Close to Nowhere
We all have regrets in life. Driving home from dialysis one night last week, I was cold, as usual, and wrapped in a scarf/shawl type thing, plus other things
My mind wandered to a shawl I'd nearly bought once, and that shawl is one of the regrets in my life.
My friend Jane and I were on a cross-country drive, now nearly 20 years ago, to visit my aunt in New Mexico. We stopped in Dallas, Texas, to spend the night and see "the grassy knoll" where President Kennedy was shot.
We also went into NeimanMarcus. That was such a fabulous department store. We just knew we were shopping among people that owned oil wells and lived soap opera lives.
There was a clearance floor and we found a lot of stuff there. I still have a box that something came in that says Neiman-Marcus on it. I have no clue what was in the small, white box though.
We also wandered the other floors and in one section there was a huge display of scarves. I love anything I can wrap up in and I spent an enjoyable bit of time touching and examining all the pretty fabrics and colors.
That's until I saw "the" scarf/shawl.

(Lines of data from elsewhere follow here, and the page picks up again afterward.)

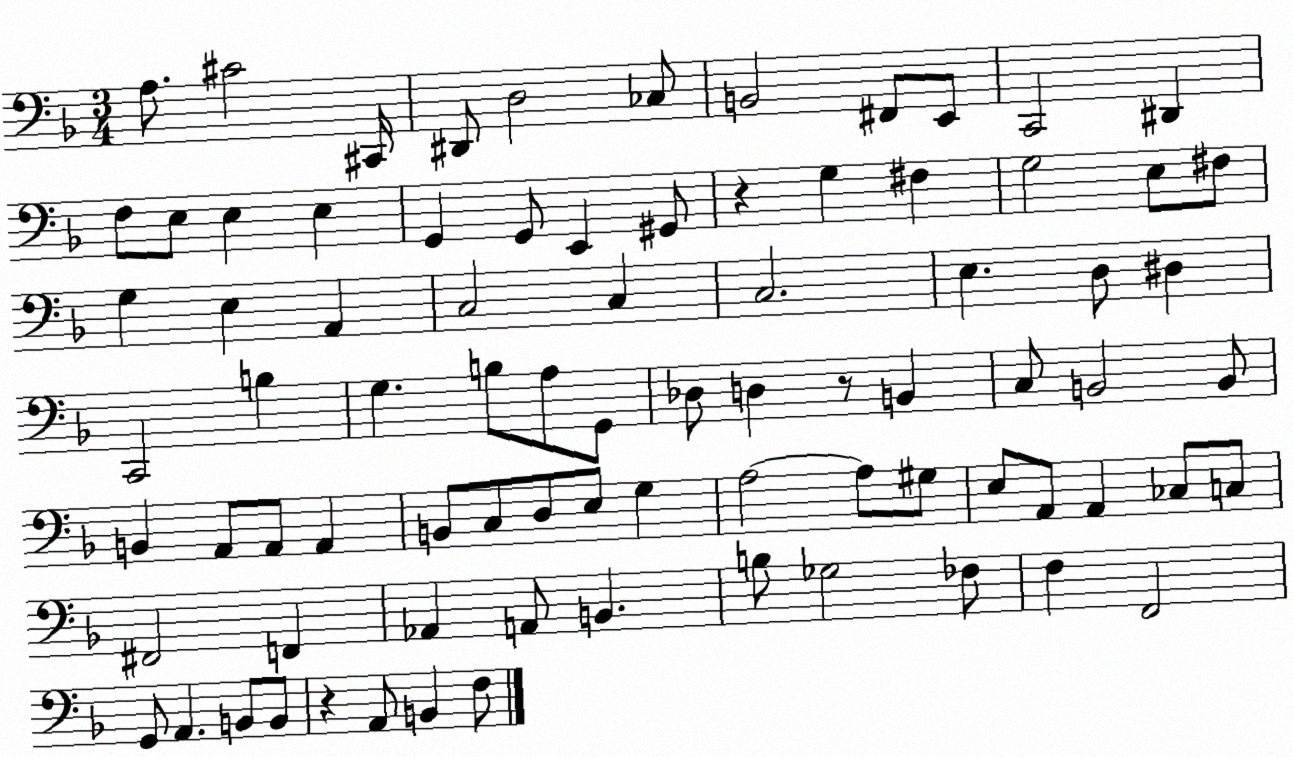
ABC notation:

X:1
T:Untitled
M:3/4
L:1/4
K:F
A,/2 ^C2 ^C,,/4 ^D,,/2 D,2 _C,/2 B,,2 ^F,,/2 E,,/2 C,,2 ^D,, F,/2 E,/2 E, E, G,, G,,/2 E,, ^G,,/2 z G, ^F, G,2 E,/2 ^F,/2 G, E, A,, C,2 C, C,2 E, D,/2 ^D, C,,2 B, G, B,/2 A,/2 G,,/2 _D,/2 D, z/2 B,, C,/2 B,,2 B,,/2 B,, A,,/2 A,,/2 A,, B,,/2 C,/2 D,/2 E,/2 G, A,2 A,/2 ^G,/2 E,/2 A,,/2 A,, _C,/2 C,/2 ^F,,2 F,, _A,, A,,/2 B,, B,/2 _G,2 _F,/2 F, F,,2 G,,/2 A,, B,,/2 B,,/2 z A,,/2 B,, F,/2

Then I fell madly in love. This beautiful thing was black velvet with an intricate design burned into it. No, I don't know why or how they burn it, in fact, it's probably not burned at all. But it was beautiful, stunning. I wanted it. And it was on sale!
I don't remember the original price. But the sale price was $200.
I kept telling myself that we still had a week or so left of our trip, that we were going to a souvenir shop in Mexico one day and $200 for a shawl I had no need for at all was way out of my price range.
But I loved that shawl. It hurt my heart to hang it back up and walk away without buying it.
To this day, when I remember it, which I do frequently, I regret not buying it.